Mevlânâ -kuddise sirruhû- Hazretleri de cemaat hâlinde olmanın önemi ile ilgili olarak;

“(Îman kardeşin olan insanlarla) dost ol. Çünkü kervan ne kadar kalabalık ve halkı çok olursa, yol kesenlerin beli o kadar kırılır.” buyurur. İstikametten ayrılıp, nefsine râm olmanın, îmandan mahrum kalmanın karşılığı; insana ihsan buyurulan yüksek değer ve şerefi de kaybetmek mânâsına gelir. Üstad Necip Fazıl, bu bedbahtlara şöyle seslenir:

Geldi ölümlü yalan, gitti ölümsüz gerçek;

Siz hayat süren leşler, sizi kim diriltecek!

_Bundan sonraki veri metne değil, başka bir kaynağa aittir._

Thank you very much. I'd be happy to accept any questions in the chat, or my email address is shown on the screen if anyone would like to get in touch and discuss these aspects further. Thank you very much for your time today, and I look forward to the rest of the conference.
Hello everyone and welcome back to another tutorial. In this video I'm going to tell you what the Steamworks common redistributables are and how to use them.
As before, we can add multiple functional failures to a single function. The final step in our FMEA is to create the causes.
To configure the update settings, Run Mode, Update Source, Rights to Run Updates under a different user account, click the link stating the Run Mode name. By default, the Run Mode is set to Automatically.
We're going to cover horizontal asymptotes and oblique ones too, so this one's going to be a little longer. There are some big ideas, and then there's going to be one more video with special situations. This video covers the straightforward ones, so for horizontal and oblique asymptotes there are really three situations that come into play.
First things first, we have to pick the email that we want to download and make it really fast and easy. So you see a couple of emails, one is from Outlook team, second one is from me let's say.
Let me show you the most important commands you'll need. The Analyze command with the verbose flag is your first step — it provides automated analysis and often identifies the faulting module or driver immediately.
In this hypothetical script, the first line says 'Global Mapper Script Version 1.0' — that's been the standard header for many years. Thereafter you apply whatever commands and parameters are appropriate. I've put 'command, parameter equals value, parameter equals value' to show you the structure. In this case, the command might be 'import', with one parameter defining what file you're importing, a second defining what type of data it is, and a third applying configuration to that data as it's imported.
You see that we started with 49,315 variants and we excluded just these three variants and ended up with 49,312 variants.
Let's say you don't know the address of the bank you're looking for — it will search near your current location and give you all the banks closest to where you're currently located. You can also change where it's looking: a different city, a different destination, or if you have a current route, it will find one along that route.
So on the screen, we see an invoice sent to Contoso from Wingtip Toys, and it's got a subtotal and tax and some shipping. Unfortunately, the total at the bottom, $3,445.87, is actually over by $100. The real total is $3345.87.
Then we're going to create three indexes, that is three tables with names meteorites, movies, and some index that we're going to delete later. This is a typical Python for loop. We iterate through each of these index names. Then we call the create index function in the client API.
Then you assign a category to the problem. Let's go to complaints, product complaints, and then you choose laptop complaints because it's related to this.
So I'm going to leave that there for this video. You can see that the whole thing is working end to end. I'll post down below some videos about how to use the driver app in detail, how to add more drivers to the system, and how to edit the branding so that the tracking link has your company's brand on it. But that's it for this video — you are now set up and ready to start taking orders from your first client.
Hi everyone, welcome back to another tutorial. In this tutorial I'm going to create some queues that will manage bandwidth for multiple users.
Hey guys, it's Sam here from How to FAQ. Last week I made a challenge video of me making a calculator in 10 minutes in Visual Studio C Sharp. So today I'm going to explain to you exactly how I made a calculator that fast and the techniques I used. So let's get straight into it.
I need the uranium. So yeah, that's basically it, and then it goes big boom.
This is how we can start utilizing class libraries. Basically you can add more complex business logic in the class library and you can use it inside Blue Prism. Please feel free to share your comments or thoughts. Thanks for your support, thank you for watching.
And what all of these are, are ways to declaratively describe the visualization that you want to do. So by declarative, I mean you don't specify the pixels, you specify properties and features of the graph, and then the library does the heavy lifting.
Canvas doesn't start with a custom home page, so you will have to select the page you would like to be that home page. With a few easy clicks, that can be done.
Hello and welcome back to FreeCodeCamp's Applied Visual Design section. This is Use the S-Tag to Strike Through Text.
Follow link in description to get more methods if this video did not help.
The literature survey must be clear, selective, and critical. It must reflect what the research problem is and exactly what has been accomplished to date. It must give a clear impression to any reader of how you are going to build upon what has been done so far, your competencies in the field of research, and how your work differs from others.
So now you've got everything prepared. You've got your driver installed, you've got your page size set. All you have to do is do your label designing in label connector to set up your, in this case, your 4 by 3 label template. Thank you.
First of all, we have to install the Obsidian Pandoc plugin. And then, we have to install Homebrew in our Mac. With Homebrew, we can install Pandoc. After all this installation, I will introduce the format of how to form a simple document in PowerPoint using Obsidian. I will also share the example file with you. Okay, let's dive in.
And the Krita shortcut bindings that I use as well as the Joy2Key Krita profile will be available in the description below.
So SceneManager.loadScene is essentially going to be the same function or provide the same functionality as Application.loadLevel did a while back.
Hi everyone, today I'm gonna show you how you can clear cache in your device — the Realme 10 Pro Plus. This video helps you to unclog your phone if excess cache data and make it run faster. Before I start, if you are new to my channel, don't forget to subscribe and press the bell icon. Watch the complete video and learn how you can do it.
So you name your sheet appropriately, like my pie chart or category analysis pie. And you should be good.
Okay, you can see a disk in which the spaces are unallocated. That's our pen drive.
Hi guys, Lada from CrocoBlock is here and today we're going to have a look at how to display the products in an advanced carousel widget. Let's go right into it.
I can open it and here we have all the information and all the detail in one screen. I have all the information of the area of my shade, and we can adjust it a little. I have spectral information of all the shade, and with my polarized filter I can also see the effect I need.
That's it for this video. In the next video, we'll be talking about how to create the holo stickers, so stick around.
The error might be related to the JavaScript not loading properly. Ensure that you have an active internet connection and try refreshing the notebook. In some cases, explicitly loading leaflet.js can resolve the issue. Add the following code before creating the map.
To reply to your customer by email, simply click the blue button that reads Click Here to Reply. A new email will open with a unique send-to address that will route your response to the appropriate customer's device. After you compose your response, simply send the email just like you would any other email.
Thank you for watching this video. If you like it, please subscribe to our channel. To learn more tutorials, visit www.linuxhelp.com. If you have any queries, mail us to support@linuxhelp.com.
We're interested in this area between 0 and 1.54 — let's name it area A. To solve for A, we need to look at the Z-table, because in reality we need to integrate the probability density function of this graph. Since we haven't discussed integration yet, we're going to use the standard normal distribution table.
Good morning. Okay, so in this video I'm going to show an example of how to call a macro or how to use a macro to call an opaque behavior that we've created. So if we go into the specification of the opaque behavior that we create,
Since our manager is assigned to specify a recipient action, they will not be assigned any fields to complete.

Malazgirt’te, Rum diyarının kapısını İslâm’a açan Sultan Alparslan, saf bir îmânın tezâhürü olarak;

“Biz Türkler, temiz müslümanlarız. Bid‘at nedir bilmeyiz. Onun için, Allah bizi aziz kıldı.” diyordu. Müslüman; önce kendisinden başlayıp, hâle hâle yayılarak, nihayette bütün insanlıktan mes’uldür. İslâm âleminin de içinde çırpındığı zilletten kurtulabilmesi, mâzîdeki gibi mukaddes dâvâyı güdebilmesi, yeniden dünyayı huzura kavuşturabilme şerefine ulaşabilmesi; fert fert herkesin Allah Teâlâ ve Rasûlü -sallâllâhu aleyhi ve sellem-’in beyan buyurdukları îmanla dirilmesine bağlıdır.

____________________________

* Osman Nûri TOPBAŞ, Yüzakı Dergisi, sa. 124.